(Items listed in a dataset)

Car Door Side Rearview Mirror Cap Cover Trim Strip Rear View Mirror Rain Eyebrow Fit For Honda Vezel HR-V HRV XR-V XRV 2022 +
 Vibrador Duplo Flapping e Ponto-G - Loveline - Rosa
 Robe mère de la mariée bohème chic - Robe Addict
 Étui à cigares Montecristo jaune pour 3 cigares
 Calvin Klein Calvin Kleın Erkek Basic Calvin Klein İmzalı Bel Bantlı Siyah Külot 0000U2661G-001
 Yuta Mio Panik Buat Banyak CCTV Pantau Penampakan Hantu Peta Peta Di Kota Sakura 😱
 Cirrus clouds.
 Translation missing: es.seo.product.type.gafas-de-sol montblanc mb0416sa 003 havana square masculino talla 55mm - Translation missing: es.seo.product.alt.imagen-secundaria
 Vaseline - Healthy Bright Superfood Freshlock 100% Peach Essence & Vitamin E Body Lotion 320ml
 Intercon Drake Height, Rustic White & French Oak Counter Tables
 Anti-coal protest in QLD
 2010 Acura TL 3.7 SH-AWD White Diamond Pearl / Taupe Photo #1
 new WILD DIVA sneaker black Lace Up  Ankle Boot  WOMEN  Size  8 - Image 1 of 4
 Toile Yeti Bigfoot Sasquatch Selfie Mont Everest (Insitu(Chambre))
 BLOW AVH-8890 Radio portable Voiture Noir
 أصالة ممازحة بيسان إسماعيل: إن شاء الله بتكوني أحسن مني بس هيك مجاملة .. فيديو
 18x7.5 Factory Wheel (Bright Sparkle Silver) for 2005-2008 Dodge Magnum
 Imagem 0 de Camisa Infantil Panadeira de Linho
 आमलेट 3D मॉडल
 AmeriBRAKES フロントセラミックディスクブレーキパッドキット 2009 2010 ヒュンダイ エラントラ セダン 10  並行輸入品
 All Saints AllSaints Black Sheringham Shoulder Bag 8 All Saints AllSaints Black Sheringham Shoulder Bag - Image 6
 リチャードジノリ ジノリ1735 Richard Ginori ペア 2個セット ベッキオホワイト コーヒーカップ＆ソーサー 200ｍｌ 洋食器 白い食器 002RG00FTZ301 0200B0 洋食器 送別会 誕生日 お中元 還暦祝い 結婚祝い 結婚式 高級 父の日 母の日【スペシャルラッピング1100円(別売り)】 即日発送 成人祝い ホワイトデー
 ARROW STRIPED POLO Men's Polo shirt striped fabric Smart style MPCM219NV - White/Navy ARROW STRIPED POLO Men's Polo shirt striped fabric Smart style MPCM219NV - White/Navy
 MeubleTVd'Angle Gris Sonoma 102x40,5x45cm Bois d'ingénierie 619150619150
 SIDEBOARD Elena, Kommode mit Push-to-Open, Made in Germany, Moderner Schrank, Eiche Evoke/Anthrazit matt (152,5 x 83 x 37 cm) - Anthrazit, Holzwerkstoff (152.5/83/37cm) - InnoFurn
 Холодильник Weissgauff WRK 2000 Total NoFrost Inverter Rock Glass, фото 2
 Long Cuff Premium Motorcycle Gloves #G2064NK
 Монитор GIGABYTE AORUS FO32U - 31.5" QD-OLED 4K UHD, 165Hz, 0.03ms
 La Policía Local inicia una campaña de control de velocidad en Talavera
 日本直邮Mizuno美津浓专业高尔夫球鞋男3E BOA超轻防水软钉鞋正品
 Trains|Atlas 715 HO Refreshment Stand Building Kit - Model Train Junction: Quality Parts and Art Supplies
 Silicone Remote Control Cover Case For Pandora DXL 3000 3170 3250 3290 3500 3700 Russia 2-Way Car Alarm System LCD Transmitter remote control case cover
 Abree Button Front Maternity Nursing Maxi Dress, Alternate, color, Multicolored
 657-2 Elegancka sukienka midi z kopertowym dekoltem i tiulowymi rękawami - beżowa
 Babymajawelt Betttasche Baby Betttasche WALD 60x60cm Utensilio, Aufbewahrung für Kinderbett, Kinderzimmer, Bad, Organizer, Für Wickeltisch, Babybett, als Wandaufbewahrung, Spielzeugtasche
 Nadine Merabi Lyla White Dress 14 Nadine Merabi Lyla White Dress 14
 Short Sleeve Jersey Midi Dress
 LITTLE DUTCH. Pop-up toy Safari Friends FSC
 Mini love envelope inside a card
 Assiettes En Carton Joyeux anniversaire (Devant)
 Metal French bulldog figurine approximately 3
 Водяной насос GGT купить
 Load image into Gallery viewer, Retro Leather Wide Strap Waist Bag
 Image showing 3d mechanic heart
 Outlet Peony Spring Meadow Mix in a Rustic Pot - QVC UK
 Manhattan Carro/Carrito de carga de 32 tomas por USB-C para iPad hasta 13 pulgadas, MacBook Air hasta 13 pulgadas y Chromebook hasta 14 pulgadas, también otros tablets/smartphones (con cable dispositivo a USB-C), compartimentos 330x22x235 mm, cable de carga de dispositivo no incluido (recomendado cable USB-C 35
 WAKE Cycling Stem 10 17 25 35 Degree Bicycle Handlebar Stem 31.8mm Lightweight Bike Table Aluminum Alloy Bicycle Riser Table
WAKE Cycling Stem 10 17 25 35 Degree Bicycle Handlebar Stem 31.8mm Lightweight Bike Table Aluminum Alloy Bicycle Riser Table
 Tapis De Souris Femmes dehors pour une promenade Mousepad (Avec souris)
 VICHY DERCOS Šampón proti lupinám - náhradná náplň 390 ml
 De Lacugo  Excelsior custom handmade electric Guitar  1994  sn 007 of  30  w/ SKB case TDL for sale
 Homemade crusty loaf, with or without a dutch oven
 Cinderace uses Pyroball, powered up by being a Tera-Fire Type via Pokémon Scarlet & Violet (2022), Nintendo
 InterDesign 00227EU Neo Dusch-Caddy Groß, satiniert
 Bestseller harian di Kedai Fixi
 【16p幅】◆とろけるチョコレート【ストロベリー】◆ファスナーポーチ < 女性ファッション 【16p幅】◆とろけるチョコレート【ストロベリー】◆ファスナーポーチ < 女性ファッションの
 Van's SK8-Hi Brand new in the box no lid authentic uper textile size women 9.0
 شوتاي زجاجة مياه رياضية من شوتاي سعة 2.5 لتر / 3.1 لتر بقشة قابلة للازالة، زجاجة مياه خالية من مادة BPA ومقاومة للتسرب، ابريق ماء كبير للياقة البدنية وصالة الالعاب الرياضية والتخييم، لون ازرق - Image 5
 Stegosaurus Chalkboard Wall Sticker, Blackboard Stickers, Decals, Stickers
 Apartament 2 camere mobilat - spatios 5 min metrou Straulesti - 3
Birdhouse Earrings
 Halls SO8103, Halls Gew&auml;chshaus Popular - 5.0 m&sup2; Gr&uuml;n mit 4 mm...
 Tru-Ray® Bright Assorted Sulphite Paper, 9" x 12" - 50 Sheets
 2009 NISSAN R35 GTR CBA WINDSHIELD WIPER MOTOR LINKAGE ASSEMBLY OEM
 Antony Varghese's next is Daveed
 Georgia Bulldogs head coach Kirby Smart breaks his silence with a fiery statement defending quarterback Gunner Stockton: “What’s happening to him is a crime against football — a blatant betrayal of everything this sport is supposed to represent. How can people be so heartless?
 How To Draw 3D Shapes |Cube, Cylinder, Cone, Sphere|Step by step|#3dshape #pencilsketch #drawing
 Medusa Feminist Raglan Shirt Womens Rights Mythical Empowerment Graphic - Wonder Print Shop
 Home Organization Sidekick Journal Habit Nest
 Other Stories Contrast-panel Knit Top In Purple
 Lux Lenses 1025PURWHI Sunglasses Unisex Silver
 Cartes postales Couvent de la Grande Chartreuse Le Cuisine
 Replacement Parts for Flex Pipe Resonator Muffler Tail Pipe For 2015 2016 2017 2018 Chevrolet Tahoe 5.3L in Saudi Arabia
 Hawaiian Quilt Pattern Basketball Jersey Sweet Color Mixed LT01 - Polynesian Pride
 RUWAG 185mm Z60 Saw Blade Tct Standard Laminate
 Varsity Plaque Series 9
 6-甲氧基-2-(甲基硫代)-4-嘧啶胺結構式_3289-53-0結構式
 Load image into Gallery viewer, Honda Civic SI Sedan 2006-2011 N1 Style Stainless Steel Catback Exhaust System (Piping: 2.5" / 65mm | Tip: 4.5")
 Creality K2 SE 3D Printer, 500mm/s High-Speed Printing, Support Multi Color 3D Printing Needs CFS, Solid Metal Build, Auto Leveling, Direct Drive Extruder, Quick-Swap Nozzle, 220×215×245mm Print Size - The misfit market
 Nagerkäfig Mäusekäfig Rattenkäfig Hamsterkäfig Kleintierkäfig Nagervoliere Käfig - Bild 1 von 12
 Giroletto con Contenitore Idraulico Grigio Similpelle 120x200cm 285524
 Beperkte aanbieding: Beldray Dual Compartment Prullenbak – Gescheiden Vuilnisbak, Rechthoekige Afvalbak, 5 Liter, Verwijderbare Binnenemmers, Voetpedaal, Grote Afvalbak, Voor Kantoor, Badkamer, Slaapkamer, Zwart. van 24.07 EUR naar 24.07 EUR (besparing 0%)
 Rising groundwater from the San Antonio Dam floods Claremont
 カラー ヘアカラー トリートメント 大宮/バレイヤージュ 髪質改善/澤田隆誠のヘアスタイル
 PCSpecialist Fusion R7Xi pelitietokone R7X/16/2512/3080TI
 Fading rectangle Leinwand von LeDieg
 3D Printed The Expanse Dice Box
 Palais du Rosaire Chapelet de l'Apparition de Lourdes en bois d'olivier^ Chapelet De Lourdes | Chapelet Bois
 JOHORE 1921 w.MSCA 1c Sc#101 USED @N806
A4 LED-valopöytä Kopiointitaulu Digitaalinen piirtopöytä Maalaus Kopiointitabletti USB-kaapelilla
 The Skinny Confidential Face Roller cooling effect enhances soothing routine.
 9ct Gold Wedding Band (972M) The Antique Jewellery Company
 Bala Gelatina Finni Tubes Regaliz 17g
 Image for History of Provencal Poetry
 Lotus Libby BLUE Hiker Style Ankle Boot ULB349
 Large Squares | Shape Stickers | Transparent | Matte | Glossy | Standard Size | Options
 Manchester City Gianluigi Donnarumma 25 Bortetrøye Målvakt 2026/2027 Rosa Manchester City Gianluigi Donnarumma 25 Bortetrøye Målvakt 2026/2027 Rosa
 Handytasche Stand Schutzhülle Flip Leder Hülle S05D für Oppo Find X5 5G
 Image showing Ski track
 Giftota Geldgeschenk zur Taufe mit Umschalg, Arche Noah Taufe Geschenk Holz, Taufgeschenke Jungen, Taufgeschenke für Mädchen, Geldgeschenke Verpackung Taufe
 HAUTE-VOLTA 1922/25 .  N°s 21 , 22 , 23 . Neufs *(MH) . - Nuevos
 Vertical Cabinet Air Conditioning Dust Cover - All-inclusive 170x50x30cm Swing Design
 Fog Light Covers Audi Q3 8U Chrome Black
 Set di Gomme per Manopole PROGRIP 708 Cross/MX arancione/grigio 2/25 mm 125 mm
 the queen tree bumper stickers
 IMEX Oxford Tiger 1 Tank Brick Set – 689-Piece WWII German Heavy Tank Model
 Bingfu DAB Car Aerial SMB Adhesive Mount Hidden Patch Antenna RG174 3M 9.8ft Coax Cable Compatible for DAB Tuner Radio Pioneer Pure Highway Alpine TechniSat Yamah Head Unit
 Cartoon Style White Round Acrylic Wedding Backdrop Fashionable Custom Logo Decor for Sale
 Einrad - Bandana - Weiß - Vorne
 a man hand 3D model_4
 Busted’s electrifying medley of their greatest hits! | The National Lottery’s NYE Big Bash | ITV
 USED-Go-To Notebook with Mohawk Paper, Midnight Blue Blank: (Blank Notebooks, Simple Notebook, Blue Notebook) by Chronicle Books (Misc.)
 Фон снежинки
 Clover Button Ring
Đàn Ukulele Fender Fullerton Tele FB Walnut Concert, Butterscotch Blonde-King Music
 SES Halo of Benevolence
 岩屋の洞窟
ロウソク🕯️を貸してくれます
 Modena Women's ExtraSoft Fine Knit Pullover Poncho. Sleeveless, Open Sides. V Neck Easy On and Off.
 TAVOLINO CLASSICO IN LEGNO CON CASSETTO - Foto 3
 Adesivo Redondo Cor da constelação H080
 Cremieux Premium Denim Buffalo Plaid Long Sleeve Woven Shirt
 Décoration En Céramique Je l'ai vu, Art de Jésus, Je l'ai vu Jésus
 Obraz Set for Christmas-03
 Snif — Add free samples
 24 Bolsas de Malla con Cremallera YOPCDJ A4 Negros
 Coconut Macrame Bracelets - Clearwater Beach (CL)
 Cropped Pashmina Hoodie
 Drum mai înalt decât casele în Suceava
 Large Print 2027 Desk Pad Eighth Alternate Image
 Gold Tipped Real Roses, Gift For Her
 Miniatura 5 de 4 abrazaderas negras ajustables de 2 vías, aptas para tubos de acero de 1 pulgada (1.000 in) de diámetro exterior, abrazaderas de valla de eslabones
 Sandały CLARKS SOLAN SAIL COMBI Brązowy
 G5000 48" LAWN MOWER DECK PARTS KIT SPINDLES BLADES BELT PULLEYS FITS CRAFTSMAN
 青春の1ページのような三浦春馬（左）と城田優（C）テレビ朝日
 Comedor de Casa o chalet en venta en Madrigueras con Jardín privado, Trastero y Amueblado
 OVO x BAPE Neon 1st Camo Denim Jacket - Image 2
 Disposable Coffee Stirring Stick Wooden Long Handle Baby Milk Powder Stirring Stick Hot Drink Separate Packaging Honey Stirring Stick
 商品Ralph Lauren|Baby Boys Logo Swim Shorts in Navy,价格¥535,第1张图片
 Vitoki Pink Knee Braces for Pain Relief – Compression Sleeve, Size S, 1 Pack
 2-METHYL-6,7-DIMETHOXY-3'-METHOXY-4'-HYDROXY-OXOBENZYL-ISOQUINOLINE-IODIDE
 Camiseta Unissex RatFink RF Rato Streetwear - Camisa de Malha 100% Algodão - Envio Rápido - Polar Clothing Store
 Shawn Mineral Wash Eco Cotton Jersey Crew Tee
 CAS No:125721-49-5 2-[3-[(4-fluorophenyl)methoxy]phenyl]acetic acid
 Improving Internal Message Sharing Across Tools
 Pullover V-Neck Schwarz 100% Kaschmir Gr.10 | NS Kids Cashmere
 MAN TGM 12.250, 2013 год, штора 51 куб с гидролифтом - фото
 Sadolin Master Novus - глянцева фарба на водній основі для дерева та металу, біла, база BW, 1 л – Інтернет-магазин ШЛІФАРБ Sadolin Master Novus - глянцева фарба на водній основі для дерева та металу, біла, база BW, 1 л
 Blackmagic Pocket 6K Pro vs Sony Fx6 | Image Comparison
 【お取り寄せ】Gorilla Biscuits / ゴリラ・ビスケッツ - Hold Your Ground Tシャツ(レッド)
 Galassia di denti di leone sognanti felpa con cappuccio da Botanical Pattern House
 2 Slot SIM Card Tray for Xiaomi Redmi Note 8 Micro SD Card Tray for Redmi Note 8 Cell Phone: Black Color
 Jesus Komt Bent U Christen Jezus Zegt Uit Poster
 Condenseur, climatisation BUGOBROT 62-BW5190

Task to carry out
Please retype the top of the data exactly, down to and including the line that holds "Translation missing: es.seo.product.type.gafas-de-sol", and nothing further.

Solution to this exercise
Car Door Side Rearview Mirror Cap Cover Trim Strip Rear View Mirror Rain Eyebrow Fit For Honda Vezel HR-V HRV XR-V XRV 2022 +
 Vibrador Duplo Flapping e Ponto-G - Loveline - Rosa
 Robe mère de la mariée bohème chic - Robe Addict
 Étui à cigares Montecristo jaune pour 3 cigares
 Calvin Klein Calvin Kleın Erkek Basic Calvin Klein İmzalı Bel Bantlı Siyah Külot 0000U2661G-001
 Yuta Mio Panik Buat Banyak CCTV Pantau Penampakan Hantu Peta Peta Di Kota Sakura 😱
 Cirrus clouds.
 Translation missing: es.seo.product.type.gafas-de-sol montblanc mb0416sa 003 havana square masculino talla 55mm - Translation missing: es.seo.product.alt.imagen-secundaria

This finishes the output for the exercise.